== WORK REQUIRED ==
Pictures are to be dropped, and only the lines from the one containing "2020 Mercedes-Benz GLE GLE 350 4MATIC®" through the end of the data below are to be reproduced as written.

== SOURCE MATERIAL ==
···

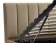 Кровать Signal MONTREAL Velvet 120x200 бежевый, Bluvel 28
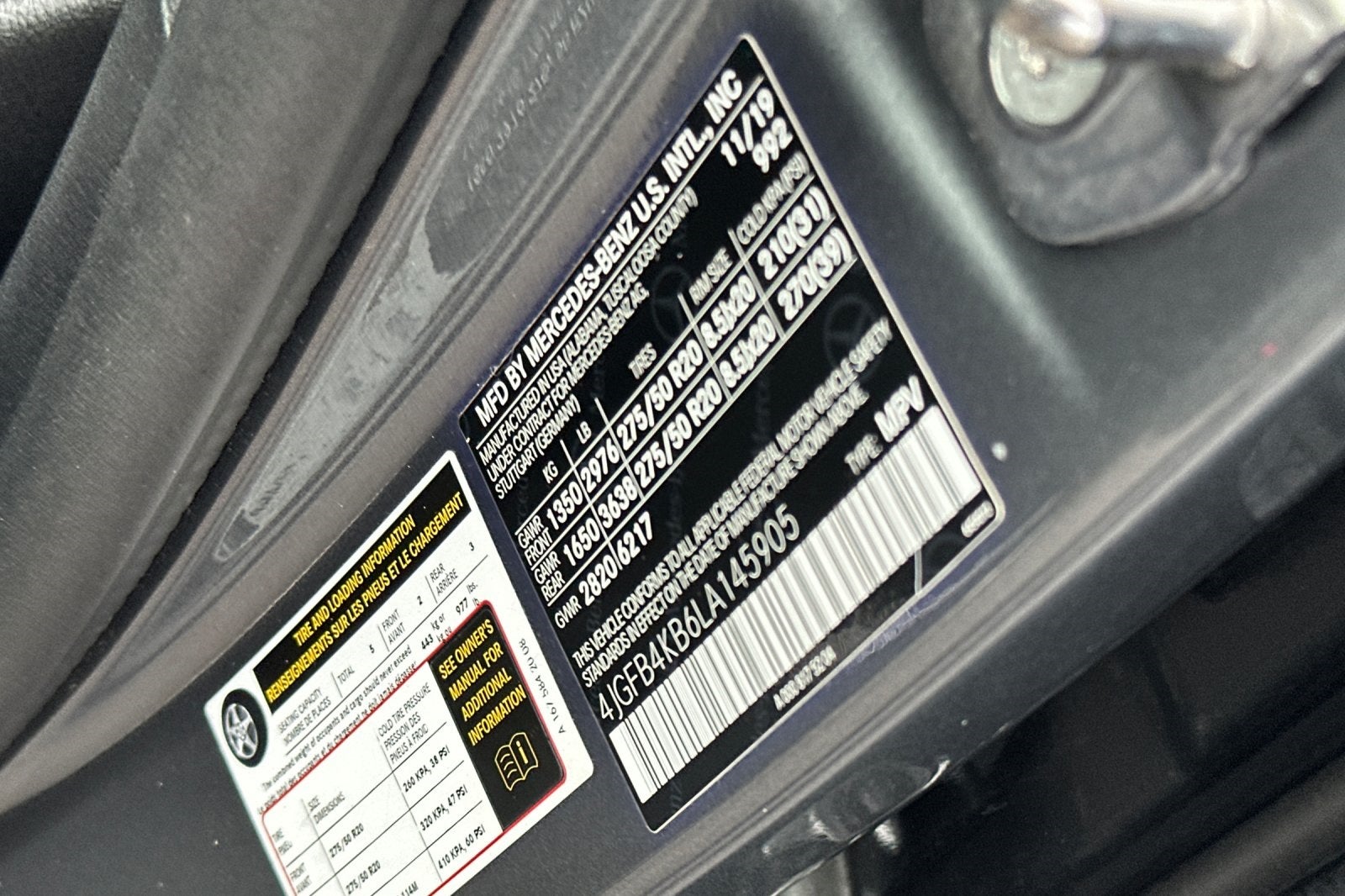 2020 Mercedes-Benz GLE GLE 350 4MATIC®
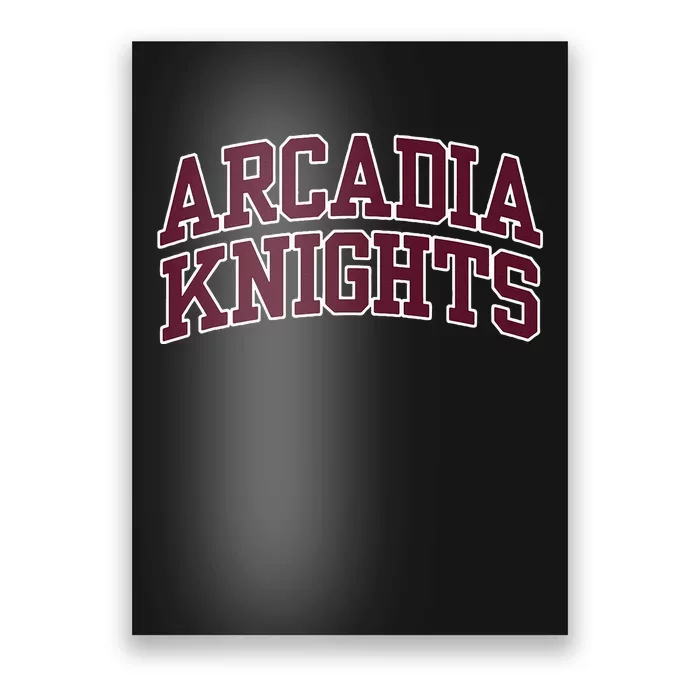 Arcadia University Knights Poster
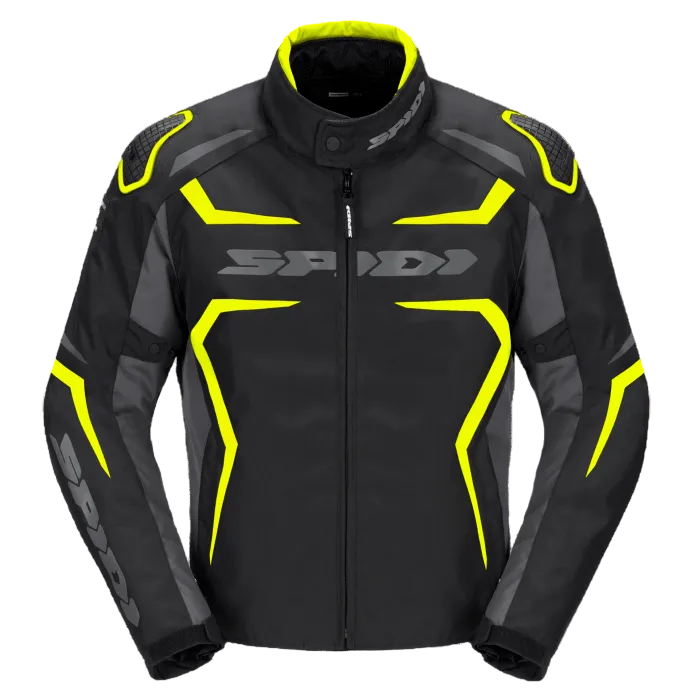 SPIDI BLUSÃO IMPERMEÁVEL MASCULINA RACE-EVO H2OUT NEON - Motoboxe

···

== RESULT BELOW ==
 2020 Mercedes-Benz GLE GLE 350 4MATIC®
 Arcadia University Knights Poster
 SPIDI BLUSÃO IMPERMEÁVEL MASCULINA RACE-EVO H2OUT NEON - Motoboxe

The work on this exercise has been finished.